Let's see if I can explain it a bit more clearly.

"Most favoured nation" status is a trading relationship which countries can agree with their trading partners and all GATT and World Trade Organisation members offer to all other members. And it means that when two countries or trade blocks agree a trade deal, they have to offer the terms of that deal to ALL the countries with which they have negotiated "most favoured nation" trading status.

Which means that if the USA and EU agree that they are each going to scrap all tariffs and quotas on importing steel from each other, they also scrap them on steel imports from all "most favoured nation" partners - which means all countries in the WTO.

Now, to any intelligent "Leave" supporter who has made it this far without giving up on me in disgust, there is something for you here if you want to work out how to put the strongest possible  "leave" argument.

Most favoured nation status is far more important than all this incessant banging on about how we would be better off exercising Britain's own WTO seat rather than (as we usually do at the moment) being represented through the EU.

That's why one option if Britain leaves the EU is called the "WTO" option - it is because the "Most Favoured Nation" rules mean that if we left the EU, though we would have to negotiate terms of access to the EU single market which might not be as favourable as we have now, we would not have to start from scratch in negotiating terms with everyone else.

All EU members including Britain are also full members of the WTO.

Britain has a permanent representative to the WTO with the rank of ambassador: this post is currently held by Julian Braithwaite who blogs about his work: here is a blog post he wrote about World Trade and the WTO last month as the WTO's tenth ministerial conference was starting.

http://blogs.fco.gov.uk/julianbraithwaite/2015/12/14/developing-countries-need-a-successful-wto-most-of-all/

Granted, he "doubles up" this job with acting as ambassador to UN and other international organisations based in Geneva but part of his office is to ensure that the UK has a direct channel of communication to find out what is going on at the WTO for which we are not dependent on the EU.

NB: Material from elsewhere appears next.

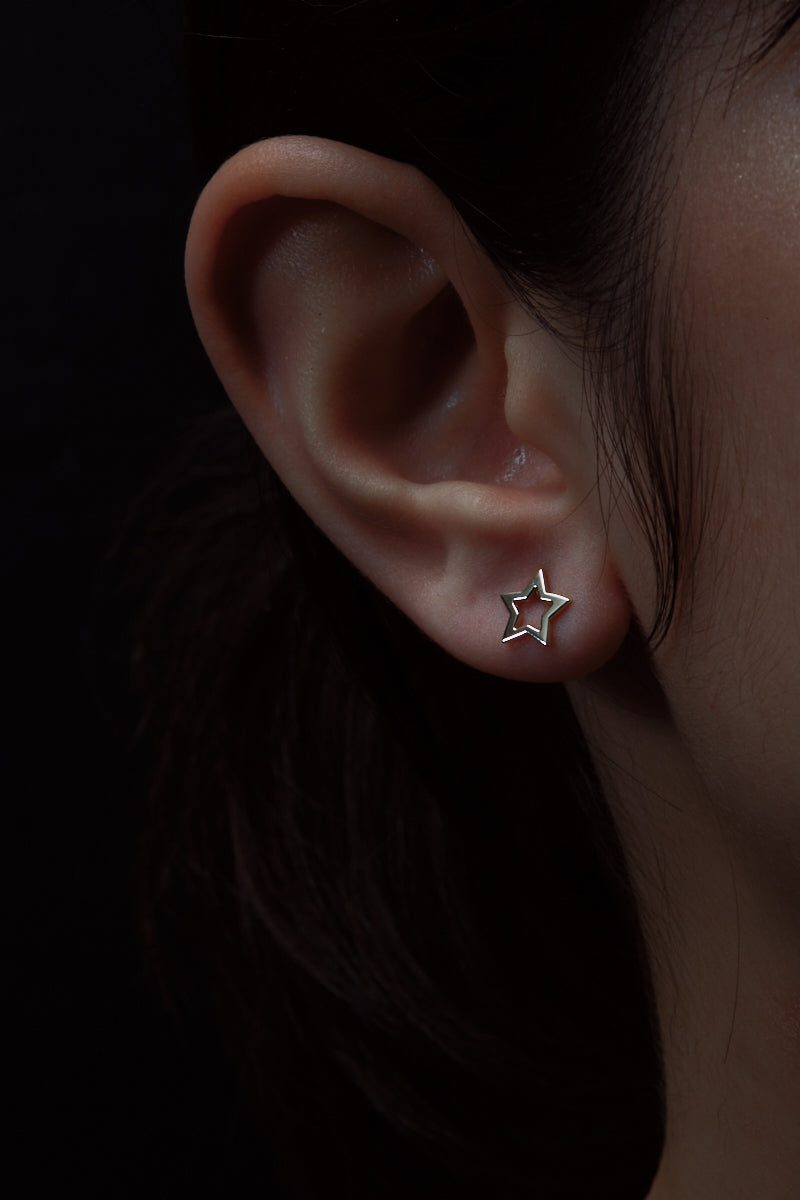 Sterling Silver Mini Star Stud Earrings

And although the UK and other EU members usually find it convenient to make representations through the EU rather than individually, Britain's full WTO membership in our own right predates that through the EU. The vast majority of the time Britain chooses to be represented through the European Union because we think that will be more effective but if we thought the EU was barking completely up the wrong tree we have ways to make our position known.